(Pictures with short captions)
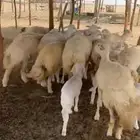 ضان صنف مقاني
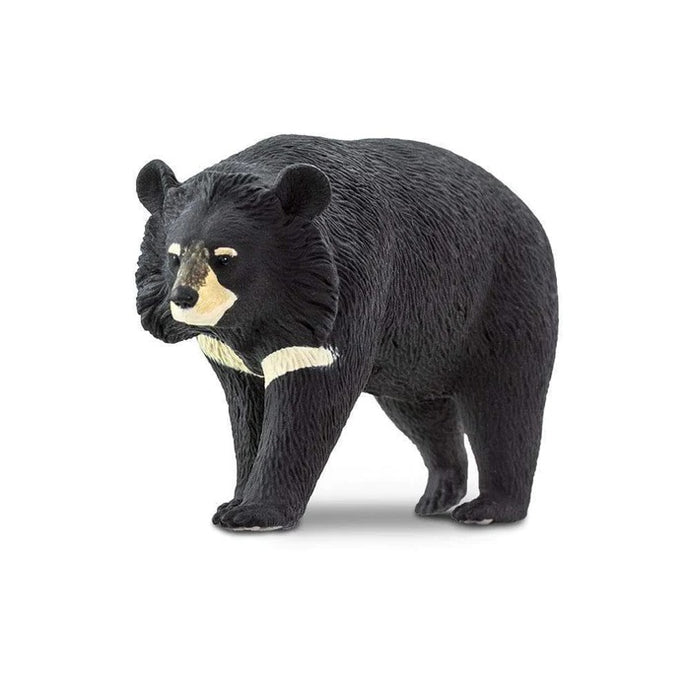 Moon Bear 100044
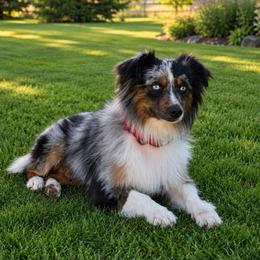 Ruger - Blue merle male Miniature Australian Shepherd puppy in Lakeport, California from Akins Aussies/Wild Rose Ranch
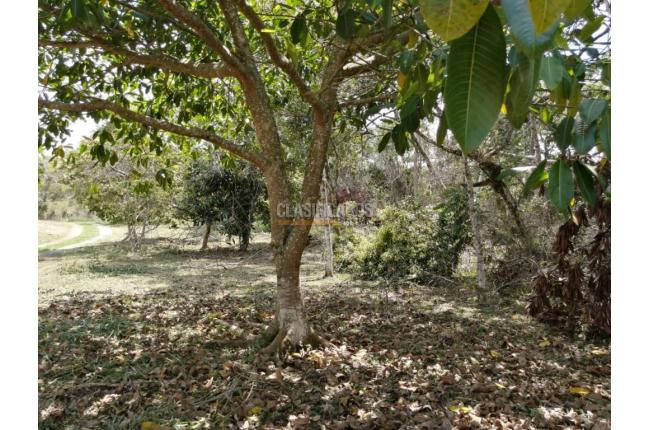 Lotes, Venta, Pance - $960.000.000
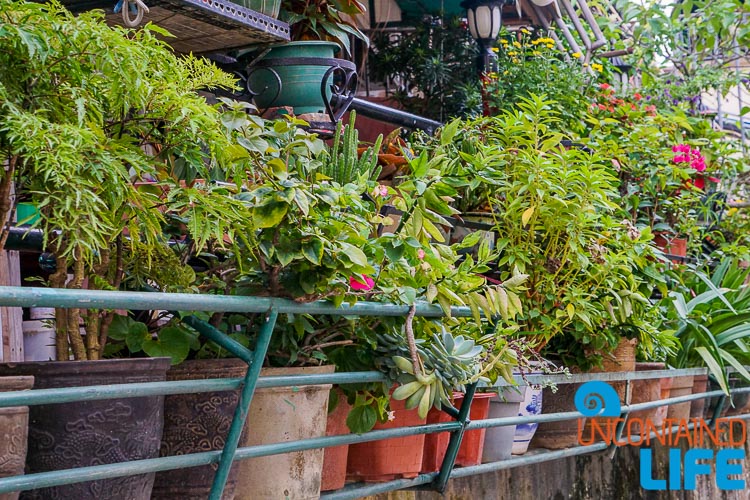 Flower Pots, Day trip to Cheung Chau, Hong Kong, Uncontained Life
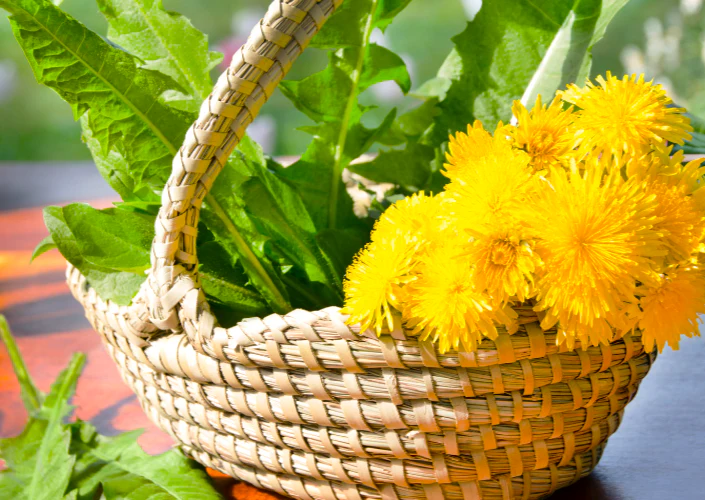 Dandelion - Image 8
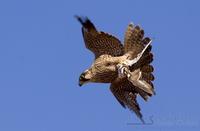 berberfalk / barbary falcon (Falco pelegrinoides)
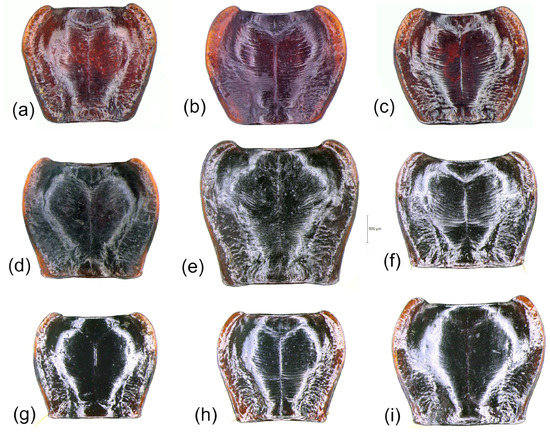 Diversity 15 00493 g014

WORK INSTRUCTIONS: Reproduce verbatim every line starting at the line that holds "Dandelion - Image 8" and ending with the final line of the data; omit the pictures.

WRITTEN REPLY:
 Dandelion - Image 8
 berberfalk / barbary falcon (Falco pelegrinoides)
 Diversity 15 00493 g014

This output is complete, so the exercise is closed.